$in with array of 20k ids

simplenotezy · April 8, 2022, 5:24pm

I am wondering what the best strategy would be. We need to query a rather large collection of currently 24m rows.

We search on 2 indexed fields, but to narrow down the query even further, we have an array of up to 10k user ids that could be added to the query. Since the existing query is already an $or query, we needed to add the array twice, resulting in totally 20k ids being transported to Atlas.

Is this a bad idea? Would be it wiser to simply omit the 20k array, and then instead filter the results once they arrive - in code?

Thanks in advance

steevej · April 8, 2022, 10:15pm

Not quite sure I understand:

Is this a one time operation or a day to day use-case?

I think that most of the time it is better to filter out in the server. Except may be, if you filter out only 5Kb of data by sending a query of 20Kb.
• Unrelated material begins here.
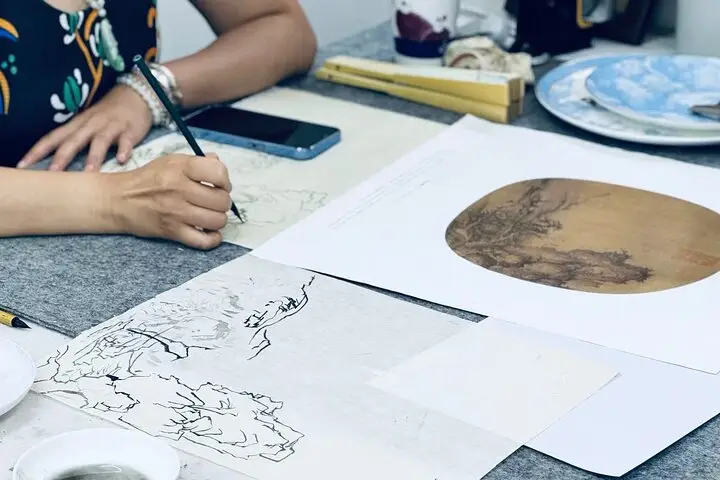 chinese painting master working.webp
Rather than having the 10k ids in an array as part of the query, it should be possible to

create a temporary collection that holds the 10k ids
filter with your current query
then $lookup the _id in the temp. collection
filter out the documents that have an empty $lookup result

Then the 10k ids are sent only once to Atlas.
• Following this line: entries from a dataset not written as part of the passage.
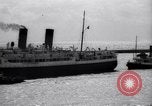 Standbild Ehemalige Gefangene von Devils Island Le Havre Frankreich, 1939, aus Sekunde 56 historischem Filmmaterial Videoclip 65675030222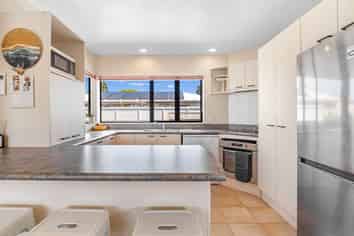 16A George Crescent, Buckland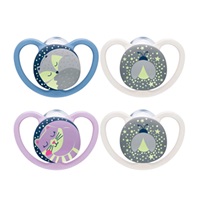 Dojčenský cumlík NUK Space Nights 6-18m 2ks/BOX chlapec
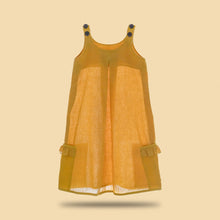 गैलरी व्यूवर में इमेज लोड करें, A beautiful deep yellow extendable shift dress.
simplenotezy · April 9, 2022, 9:47am

Thanks for your input.

It’s a query that is done often, several times a day, thousands of times.
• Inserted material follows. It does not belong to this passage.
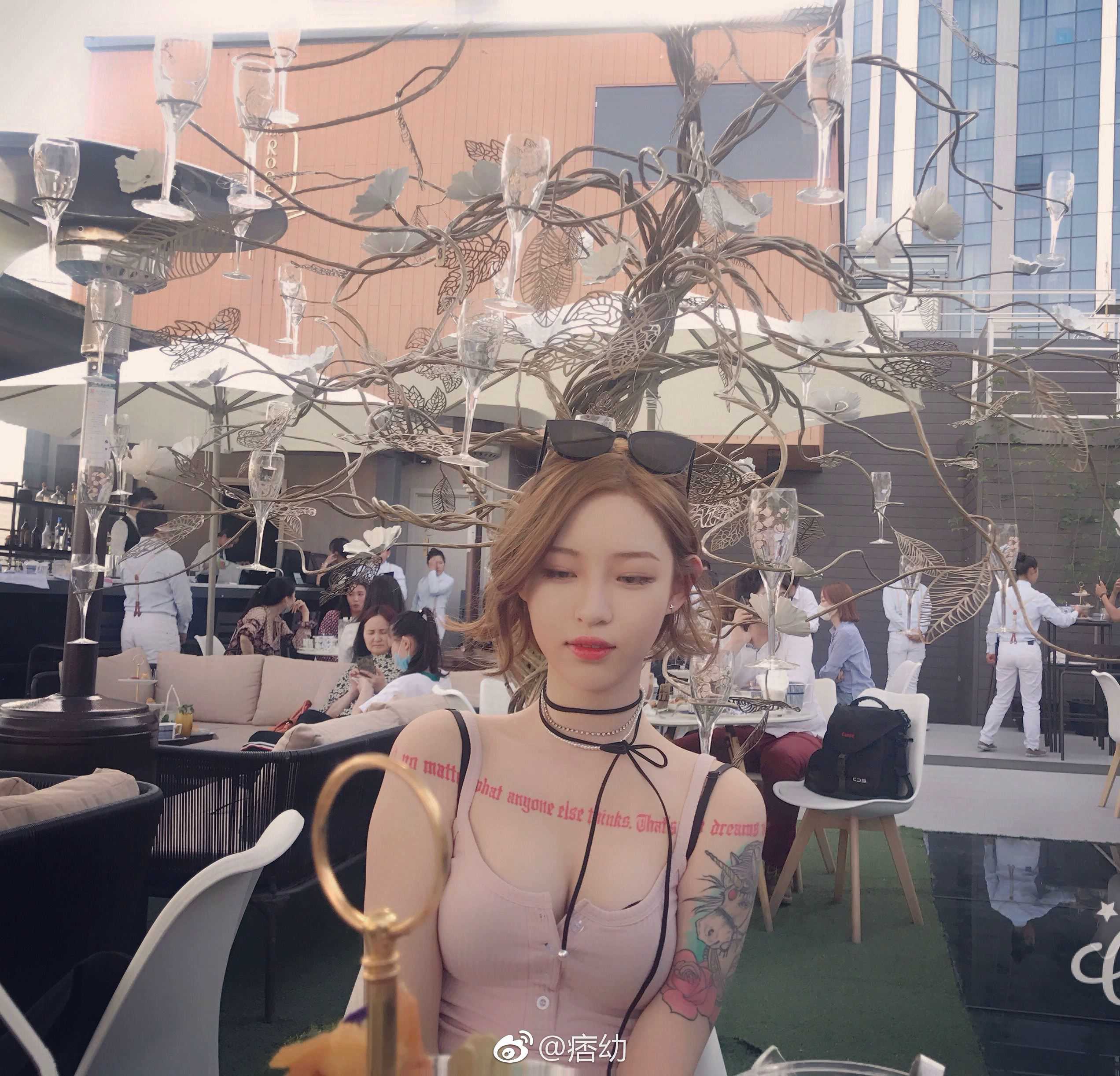 微博推特高颜值网红重机女神【痞Y】私拍 金主包养各种玩肏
I also considered doing a $lookup directly on the collection, but isn’t it quite imperformant? As I could read its like a MySQL subquery, and thus should suffer from the n+1 issue, producing many small queries per document. Or did I miss something?

Basically the goal is this:

query user documents (up to a sample of 10k)
query like documents where a specific user id is in (either as the LIKED or the LIKER) - this is the expensive one

Then on the server we loop through all users and then check if that specific user is in the LIKED or LIKER collection we also fetched.

steevej · April 12, 2022, 11:34am

I have no clue about this n+1 issue.

With proper indexes $lookup shoul be okay.